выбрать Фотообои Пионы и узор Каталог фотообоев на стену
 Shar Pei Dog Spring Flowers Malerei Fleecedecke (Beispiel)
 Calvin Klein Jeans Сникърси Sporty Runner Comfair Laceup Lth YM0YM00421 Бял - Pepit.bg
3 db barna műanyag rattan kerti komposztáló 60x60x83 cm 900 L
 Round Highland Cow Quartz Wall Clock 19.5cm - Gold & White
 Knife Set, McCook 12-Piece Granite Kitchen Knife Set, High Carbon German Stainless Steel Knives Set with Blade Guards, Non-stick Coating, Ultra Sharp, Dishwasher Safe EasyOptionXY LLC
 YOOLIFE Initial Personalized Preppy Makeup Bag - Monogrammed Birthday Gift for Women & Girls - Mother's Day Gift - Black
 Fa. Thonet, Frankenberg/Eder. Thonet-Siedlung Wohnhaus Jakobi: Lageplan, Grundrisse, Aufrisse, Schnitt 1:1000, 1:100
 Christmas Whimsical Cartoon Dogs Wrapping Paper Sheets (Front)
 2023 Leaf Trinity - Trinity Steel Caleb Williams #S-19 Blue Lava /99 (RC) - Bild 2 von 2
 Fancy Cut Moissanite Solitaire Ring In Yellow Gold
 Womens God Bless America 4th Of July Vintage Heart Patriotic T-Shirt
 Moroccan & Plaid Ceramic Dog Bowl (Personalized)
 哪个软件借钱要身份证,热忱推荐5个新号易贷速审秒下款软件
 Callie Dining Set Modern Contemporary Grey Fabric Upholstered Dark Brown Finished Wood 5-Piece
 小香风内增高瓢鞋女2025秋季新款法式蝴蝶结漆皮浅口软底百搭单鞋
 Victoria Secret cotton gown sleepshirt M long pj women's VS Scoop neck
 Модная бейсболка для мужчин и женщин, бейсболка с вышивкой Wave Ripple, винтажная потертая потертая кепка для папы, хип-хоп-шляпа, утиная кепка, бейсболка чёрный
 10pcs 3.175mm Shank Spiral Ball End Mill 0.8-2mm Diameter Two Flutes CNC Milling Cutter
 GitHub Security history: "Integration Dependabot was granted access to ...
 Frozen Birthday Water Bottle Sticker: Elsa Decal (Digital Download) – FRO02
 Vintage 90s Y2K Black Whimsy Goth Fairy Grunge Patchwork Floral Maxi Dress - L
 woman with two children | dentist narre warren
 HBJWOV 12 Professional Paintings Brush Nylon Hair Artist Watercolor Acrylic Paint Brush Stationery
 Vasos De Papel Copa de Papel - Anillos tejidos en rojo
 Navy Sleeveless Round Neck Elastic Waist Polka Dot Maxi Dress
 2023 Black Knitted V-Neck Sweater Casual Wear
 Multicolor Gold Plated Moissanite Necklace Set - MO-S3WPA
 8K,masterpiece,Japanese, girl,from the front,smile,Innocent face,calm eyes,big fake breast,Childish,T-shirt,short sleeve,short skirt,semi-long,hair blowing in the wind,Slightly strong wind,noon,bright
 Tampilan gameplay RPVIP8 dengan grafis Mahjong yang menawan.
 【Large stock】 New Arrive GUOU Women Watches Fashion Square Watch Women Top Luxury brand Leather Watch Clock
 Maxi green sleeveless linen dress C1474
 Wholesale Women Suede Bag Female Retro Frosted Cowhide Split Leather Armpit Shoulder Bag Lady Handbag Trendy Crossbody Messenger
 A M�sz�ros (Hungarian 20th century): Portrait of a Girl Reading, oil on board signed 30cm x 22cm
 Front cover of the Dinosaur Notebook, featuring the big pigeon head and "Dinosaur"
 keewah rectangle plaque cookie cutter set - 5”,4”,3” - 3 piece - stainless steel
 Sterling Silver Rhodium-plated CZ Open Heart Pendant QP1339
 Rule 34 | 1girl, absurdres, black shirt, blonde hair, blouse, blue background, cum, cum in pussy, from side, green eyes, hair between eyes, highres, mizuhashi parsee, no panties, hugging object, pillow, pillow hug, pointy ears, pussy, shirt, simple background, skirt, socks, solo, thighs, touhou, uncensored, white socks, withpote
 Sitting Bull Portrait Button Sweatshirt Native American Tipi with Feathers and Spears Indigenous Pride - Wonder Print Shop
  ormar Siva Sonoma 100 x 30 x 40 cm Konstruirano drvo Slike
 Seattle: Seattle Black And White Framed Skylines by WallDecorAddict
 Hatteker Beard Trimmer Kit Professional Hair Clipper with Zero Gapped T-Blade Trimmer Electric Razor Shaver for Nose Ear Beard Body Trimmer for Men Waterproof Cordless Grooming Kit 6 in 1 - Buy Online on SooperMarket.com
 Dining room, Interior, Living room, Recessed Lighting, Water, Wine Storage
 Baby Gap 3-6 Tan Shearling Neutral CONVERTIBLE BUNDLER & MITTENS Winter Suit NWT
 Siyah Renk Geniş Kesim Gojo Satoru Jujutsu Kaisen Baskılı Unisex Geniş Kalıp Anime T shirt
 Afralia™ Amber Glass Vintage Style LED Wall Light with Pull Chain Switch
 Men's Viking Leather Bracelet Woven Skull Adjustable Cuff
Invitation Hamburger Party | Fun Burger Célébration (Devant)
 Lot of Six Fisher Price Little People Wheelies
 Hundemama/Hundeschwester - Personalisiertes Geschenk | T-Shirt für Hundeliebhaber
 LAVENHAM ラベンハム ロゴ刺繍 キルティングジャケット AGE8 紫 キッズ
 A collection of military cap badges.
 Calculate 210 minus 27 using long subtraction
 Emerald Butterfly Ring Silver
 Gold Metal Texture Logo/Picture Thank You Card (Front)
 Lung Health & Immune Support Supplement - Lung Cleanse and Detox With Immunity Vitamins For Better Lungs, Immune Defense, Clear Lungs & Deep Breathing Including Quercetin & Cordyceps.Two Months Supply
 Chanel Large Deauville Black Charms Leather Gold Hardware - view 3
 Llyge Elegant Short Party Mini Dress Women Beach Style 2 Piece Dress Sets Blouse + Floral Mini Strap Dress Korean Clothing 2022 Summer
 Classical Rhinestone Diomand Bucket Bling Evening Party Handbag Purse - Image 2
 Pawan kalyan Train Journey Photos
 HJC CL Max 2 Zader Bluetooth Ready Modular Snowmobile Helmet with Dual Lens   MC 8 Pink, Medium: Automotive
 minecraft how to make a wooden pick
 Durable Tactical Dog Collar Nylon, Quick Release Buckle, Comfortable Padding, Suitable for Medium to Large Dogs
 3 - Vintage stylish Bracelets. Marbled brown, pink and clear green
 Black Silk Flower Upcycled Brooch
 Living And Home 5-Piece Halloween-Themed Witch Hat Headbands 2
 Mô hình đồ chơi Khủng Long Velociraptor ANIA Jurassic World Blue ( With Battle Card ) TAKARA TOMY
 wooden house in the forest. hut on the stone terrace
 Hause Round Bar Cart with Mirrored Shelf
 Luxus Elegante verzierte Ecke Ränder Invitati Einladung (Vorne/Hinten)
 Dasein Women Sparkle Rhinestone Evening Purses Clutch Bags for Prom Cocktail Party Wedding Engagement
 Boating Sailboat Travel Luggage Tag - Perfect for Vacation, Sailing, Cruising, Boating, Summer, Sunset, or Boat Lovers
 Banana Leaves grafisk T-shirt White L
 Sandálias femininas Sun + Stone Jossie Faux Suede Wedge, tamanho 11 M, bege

========================================================================

| The task |
Copy out each line of the data above, exactly, if it lies between the line holding "Calvin Klein Jeans" and the line holding "10pcs 3.175mm Shank", inclusive; copy no other line.

| Solution for this exercise |
 Calvin Klein Jeans Сникърси Sporty Runner Comfair Laceup Lth YM0YM00421 Бял - Pepit.bg
3 db barna műanyag rattan kerti komposztáló 60x60x83 cm 900 L
 Round Highland Cow Quartz Wall Clock 19.5cm - Gold & White
 Knife Set, McCook 12-Piece Granite Kitchen Knife Set, High Carbon German Stainless Steel Knives Set with Blade Guards, Non-stick Coating, Ultra Sharp, Dishwasher Safe EasyOptionXY LLC
 YOOLIFE Initial Personalized Preppy Makeup Bag - Monogrammed Birthday Gift for Women & Girls - Mother's Day Gift - Black
 Fa. Thonet, Frankenberg/Eder. Thonet-Siedlung Wohnhaus Jakobi: Lageplan, Grundrisse, Aufrisse, Schnitt 1:1000, 1:100
 Christmas Whimsical Cartoon Dogs Wrapping Paper Sheets (Front)
 2023 Leaf Trinity - Trinity Steel Caleb Williams #S-19 Blue Lava /99 (RC) - Bild 2 von 2
 Fancy Cut Moissanite Solitaire Ring In Yellow Gold
 Womens God Bless America 4th Of July Vintage Heart Patriotic T-Shirt
 Moroccan & Plaid Ceramic Dog Bowl (Personalized)
 哪个软件借钱要身份证,热忱推荐5个新号易贷速审秒下款软件
 Callie Dining Set Modern Contemporary Grey Fabric Upholstered Dark Brown Finished Wood 5-Piece
 小香风内增高瓢鞋女2025秋季新款法式蝴蝶结漆皮浅口软底百搭单鞋
 Victoria Secret cotton gown sleepshirt M long pj women's VS Scoop neck
 Модная бейсболка для мужчин и женщин, бейсболка с вышивкой Wave Ripple, винтажная потертая потертая кепка для папы, хип-хоп-шляпа, утиная кепка, бейсболка чёрный
 10pcs 3.175mm Shank Spiral Ball End Mill 0.8-2mm Diameter Two Flutes CNC Milling Cutter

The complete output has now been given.